My first memory of artworking was drawing endless circles in a jotter. My mother was a great letter writer and in order to keep a restless toddler quiet, she would give me a cheap lined notepad in which I would write my own 'letters'; row after endless row of biro'ed noughts. In the end I had a whole book of them. I can still recall how absorbing I found this activity, and looking up from the floor to see mum writing away at the table. I remembered this today, when I attempted my first outdoors sketch for - a long time. I've gotten far too reliant on the digital camera, and have started taking my trusty Moleskine and a few scribbling instruments out on my wanders. Andy and I had a discussion the other day (another walk) about how artists interpret the landscape. Neither of us have done much real life drawing recently, and I was wondering how one gets over the hurdle of not drawing precisely what is in front of you, (which is what one instinctively does) but instead describing your personal experience of the landscape. Anyone who loves the countryside must feel this and each person has a different vision. My beloved Cotswolds. How do I depict the tanglewoods, the gently rolling fields, winding lanes and wide open horizons, without producing a pretty picture postcard? How far do I allow myself to go with mark making, without going too far into fantasy land? I stand in awe before such artists such a Samuel Palmer, Paul Nash and John Minton who were able to bridge this gap with such depth of feeling, capturing the unique and ancient atmosphere of our small island. There is only one way to find out, and that is to stumble in their footsteps. Here I started with what I thought was going to be a bodged sketch, drawing directly with pen - unusual for me - but I stuck at it, and after 10 minutes had come out with what could be the start of something. And I found myself filling in the foreground with - noughts. Coming full circle from my first drawings. A hurdle gotten over.



It's a start...I'm looking forward to finishing the book job I"m in the middle of, so that I can get stuck into doing some big landscape lino cuts. Andy's already ahead of me - woodcut, not lino - and the bedroom yesterday was turned into a print studio...

He's had a bit of artistic angst recently (hence no blog) , but - no pain, no gain, and I think this is the best thing he's done since leaving college. He's got his art mojo back. And about time too. Watch this space to see how the Hare turns out.



'Can you see what it is yet?'

8 comments:

Joanna said...

Its a rabbit! (Its probably a hare but its kind of the same thing to me as I like rabbits that are more hare like) Totally fantistic.

Your sketch is great to. I'm so out of practice going out sketching I'm ashamed. All I do is have all my bits of referance its very bad. I like your noughts. I can imagine a night galloping across on his horse and his fair maiden.

tlc illustration said...

Mmmmmm. I love those kinds of sketches-on-location, and am in awe of those that do it so interpretatively.

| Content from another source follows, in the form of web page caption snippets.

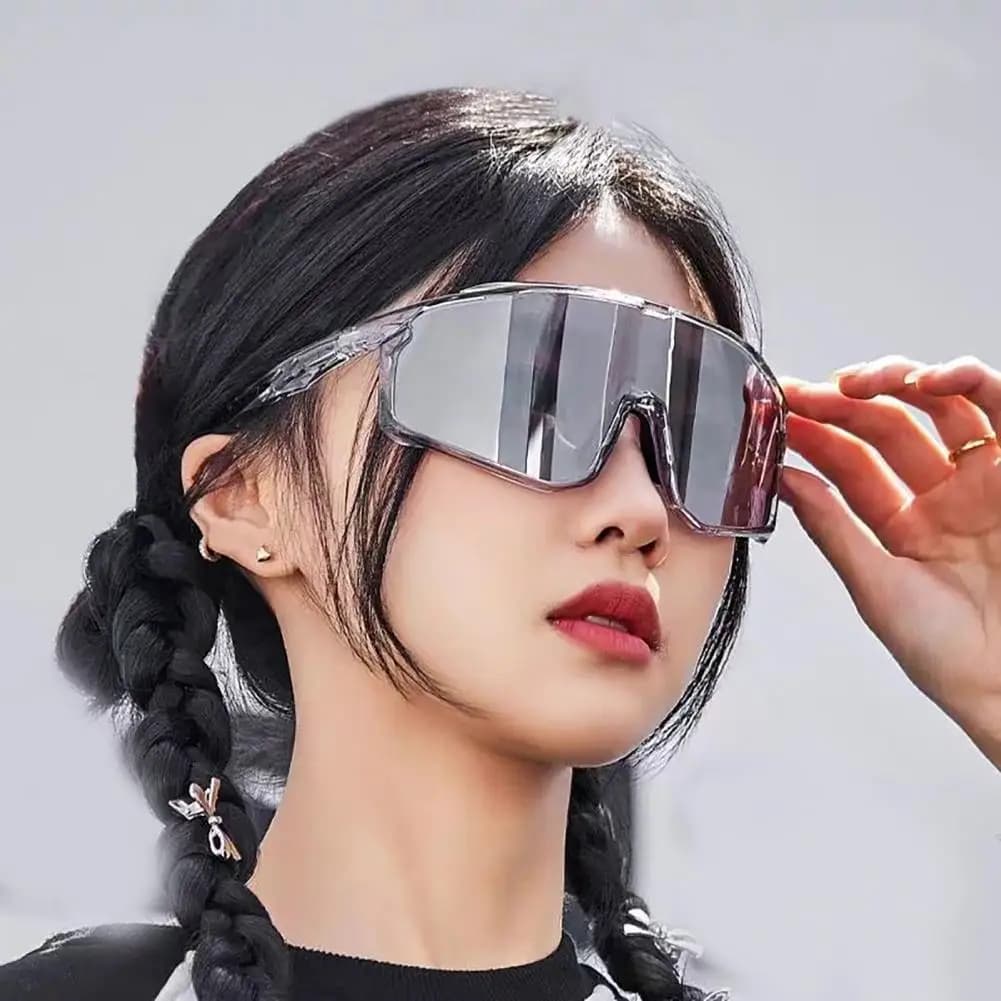 Photochromic Polarized Cycling Glasses UV Protection Sports Sunglasses Men Women Safety Eyewear for Mountain Bike Running
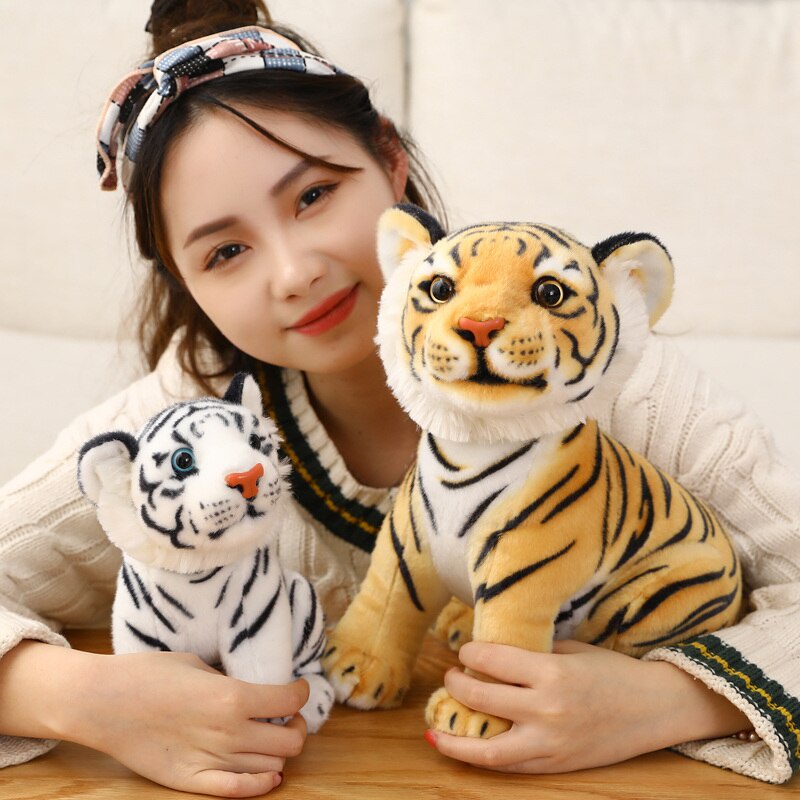 Simulation of Small Tiger Dolls Tiger Mascot Plush Toys Lovely Gift ...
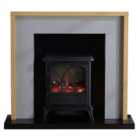 Focal Point Fires 1.5kW Rockford Electric Stove Suite - Grey
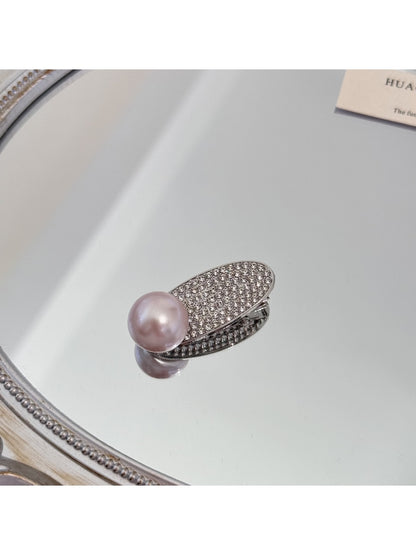 Beau - Geometric Pave Bead Accent Alloy Hair Clip
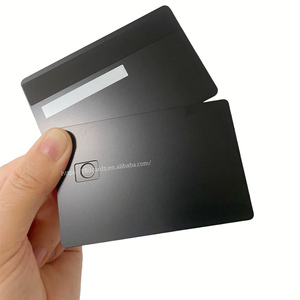 Tarjeta de Crédito de Metal de 0,8mm, tarjeta de acero inoxidable EMV, color negro, mate, dorado, latón - Product Image 4
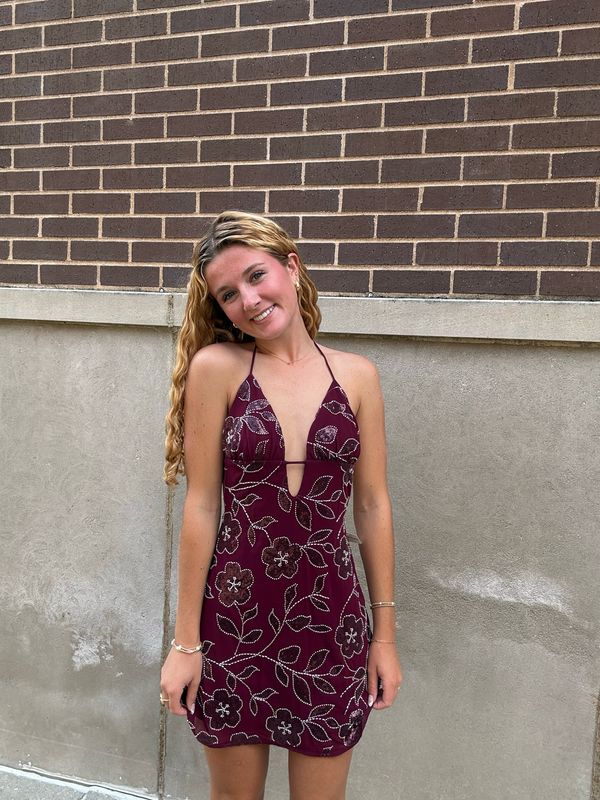 FLORAL SEQUIN BEADED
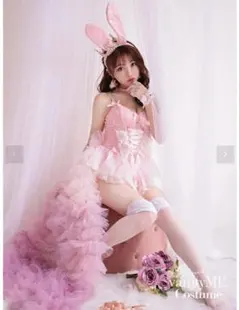 【Lサイズ】10th Bunny 10周年 バニー ピンクのサムネイル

How artsy you two are! :-) It's fun to vicariously see.

Stuntmother said...

I think what struck me most about your sketch was that it did indeed capture a mood, rather than some idealised bucolic scene of natural beauty. It puts me in mind of Neil Gaiman's writing. The clear field of normal life and on the edge, an apparently impenetrable forest -- in which lurk adventures fun and fierce. It seems sinister, and yet beckoning. I would like to walk across that field and step into the woods, and yet I know that if I did, my heart would be pounding and my breathing quick. It would be -- an adventure.

There's something of that in the woodcut Andy is working on too (though admittedly we have only a glimpse. Something about the hare right there, right in front of us, looks so vulnerable -- I almost want to shout Run! Quickly! but perhaps that is because I am feeling protective of small things right now and the amorphous evils which threaten them.

Donna said...

What busy artistic bees you both are! I bet there's barely room to move in your bedroom for all that printing going on. It's looking good Andy :-)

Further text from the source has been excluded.